(Image-caption web data)
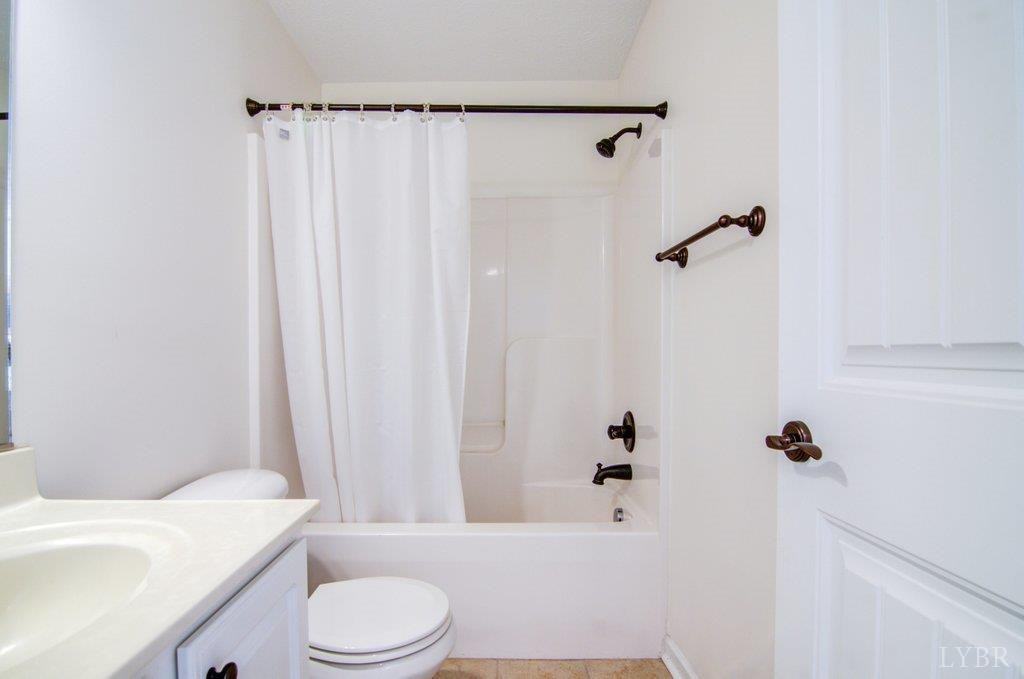 111 Old Tavern Cir #1 - Photo 4 of 8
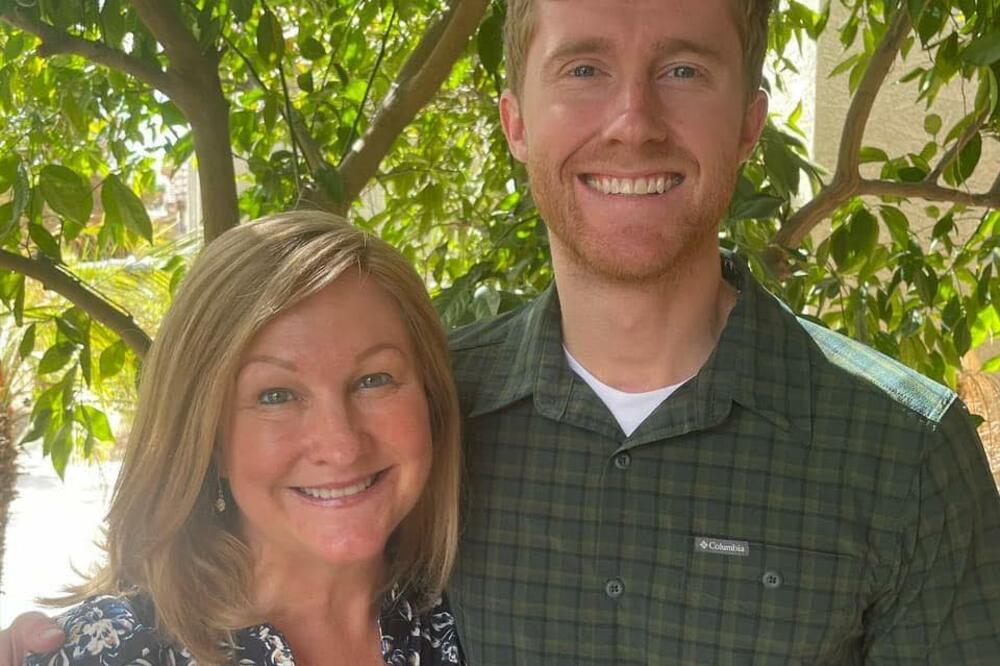 POTEZ OVOG MLADIĆA RAZNEŽIO JE CEO SVET: Dokazao koliko VOLI SVOJU MAJKU, ovo je NEPROCENJIVO (FOTO)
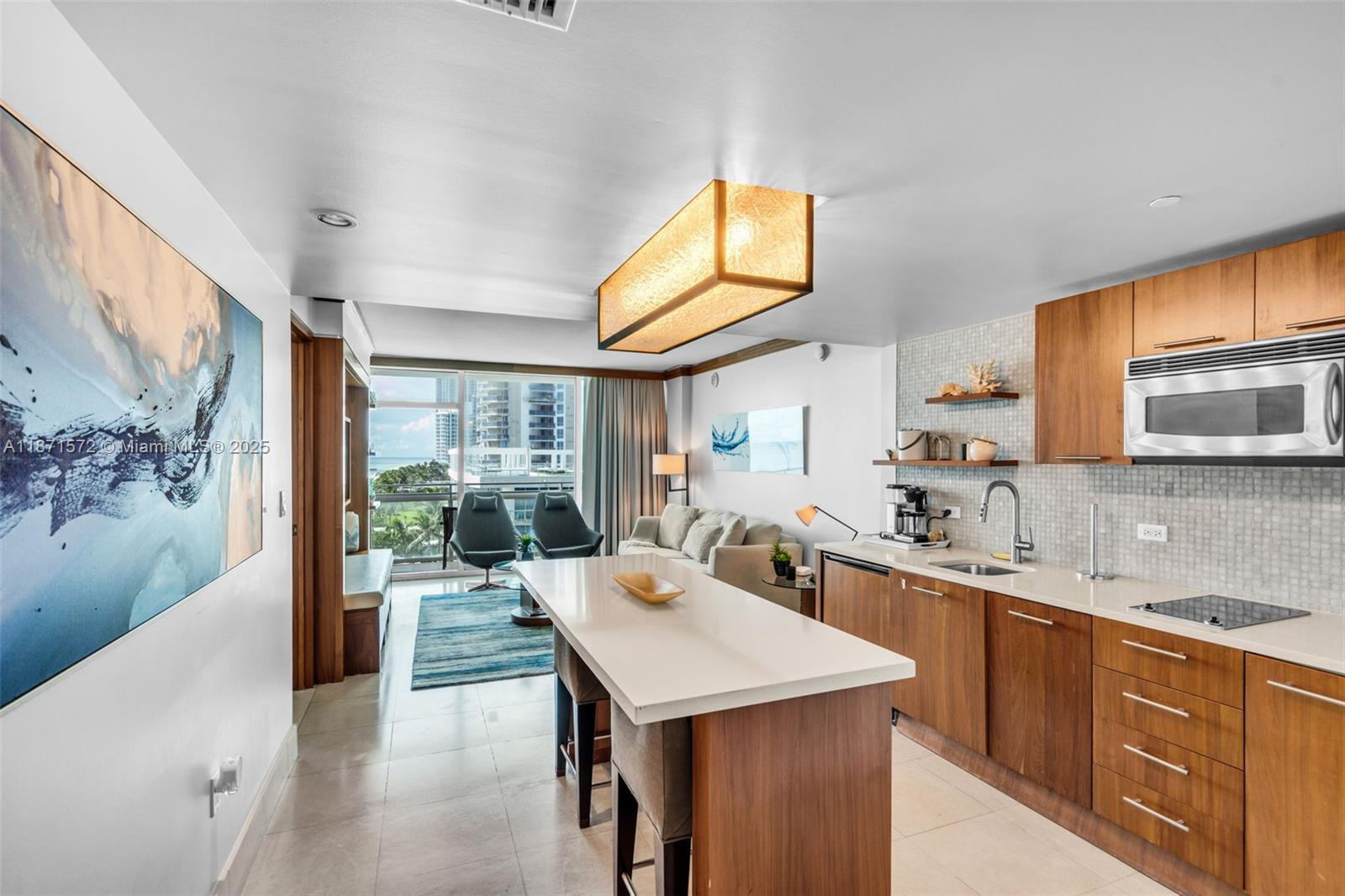 image Carillon Condo2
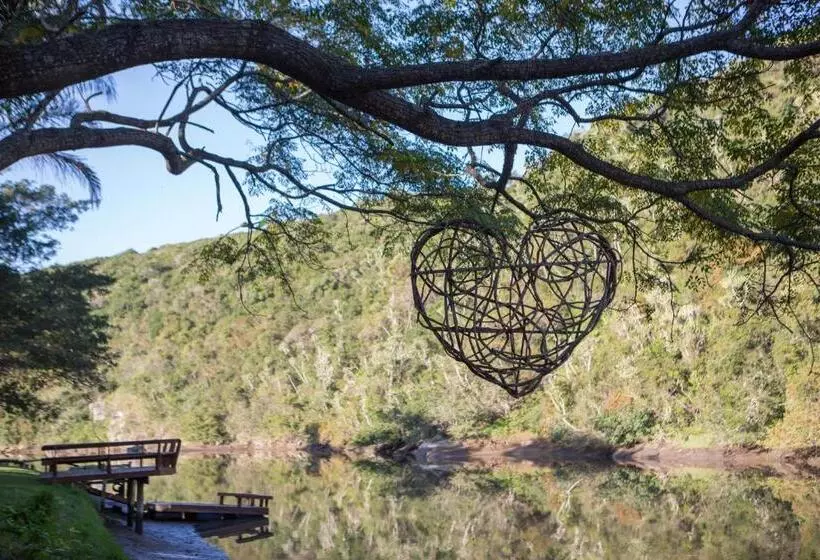 Hotelli Areena Riverside Resort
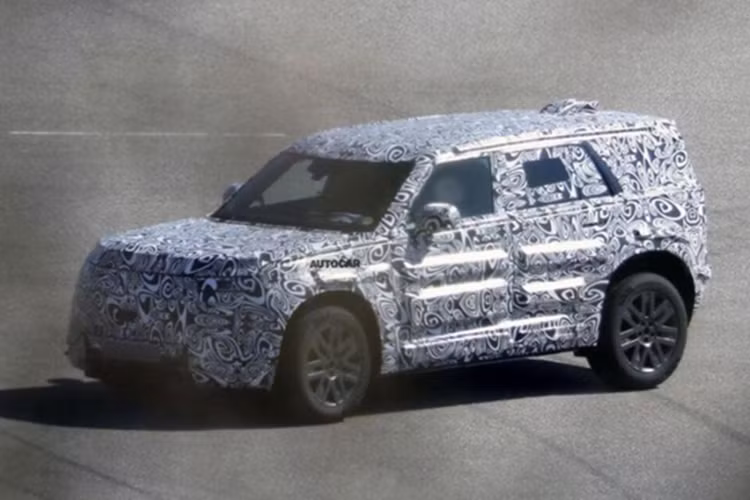 Khu vực thân xe vẫn giữ nguyên phong cách mạnh mẽ với vòm bánh xe loe rộng ở cả phía trước và sau. Gương chiếu hậu và trụ xe được sơn đen, tạo hiệu ứng tương phản với thân xe, chi tiết quen thuộc trên các mẫu Land Rover gần đây.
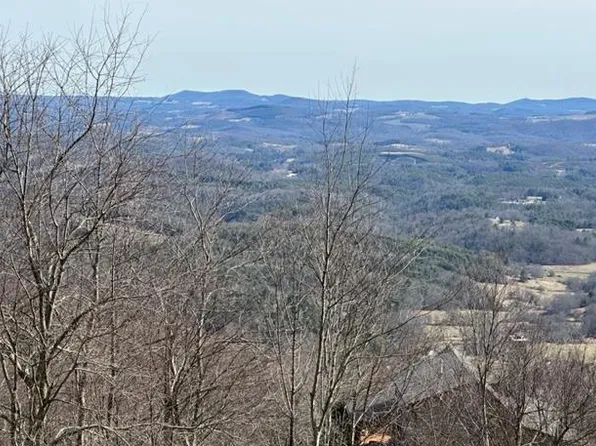 130 Point Lookout Lane, Independence, VA 24348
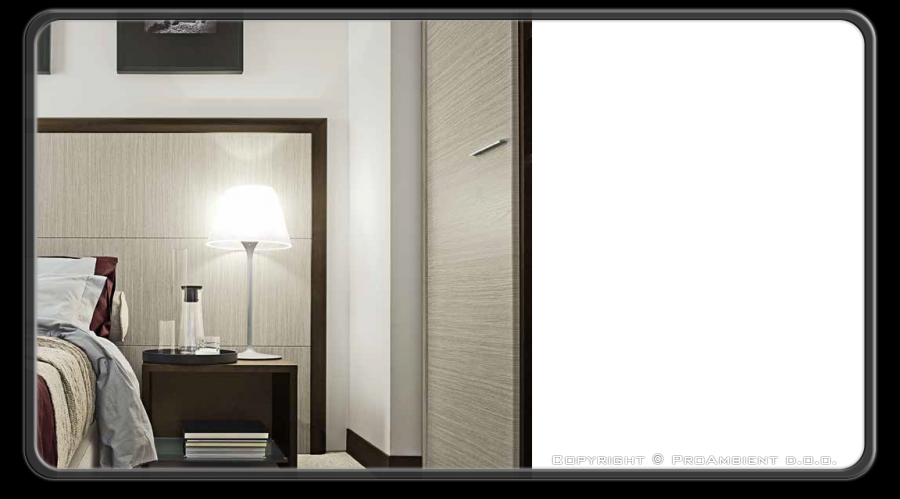 Svetla hotelska soba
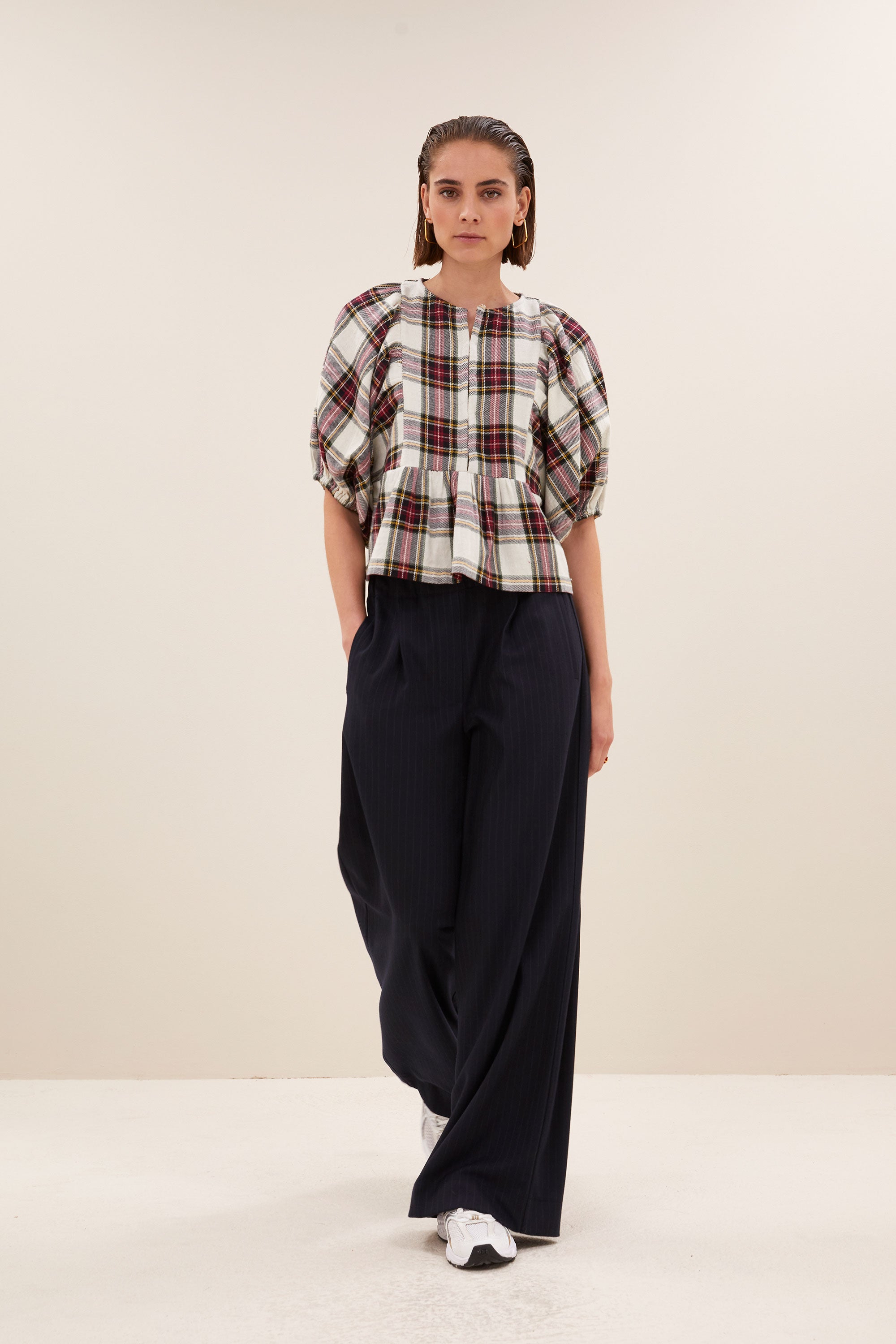 avelon check blouse - tartan check, volumnieuze mouwen, elastieken band, verborgen haak-en-oogsluiting - by-bar - achteraanzicht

■ Assignment
Retype the whole of the data verbatim. Skip every picture.

■ Worked solution
 111 Old Tavern Cir #1 - Photo 4 of 8
 POTEZ OVOG MLADIĆA RAZNEŽIO JE CEO SVET: Dokazao koliko VOLI SVOJU MAJKU, ovo je NEPROCENJIVO (FOTO)
 image Carillon Condo2
 Hotelli Areena Riverside Resort
 Khu vực thân xe vẫn giữ nguyên phong cách mạnh mẽ với vòm bánh xe loe rộng ở cả phía trước và sau. Gương chiếu hậu và trụ xe được sơn đen, tạo hiệu ứng tương phản với thân xe, chi tiết quen thuộc trên các mẫu Land Rover gần đây.
 130 Point Lookout Lane, Independence, VA 24348
 Svetla hotelska soba
 avelon check blouse - tartan check, volumnieuze mouwen, elastieken band, verborgen haak-en-oogsluiting - by-bar - achteraanzicht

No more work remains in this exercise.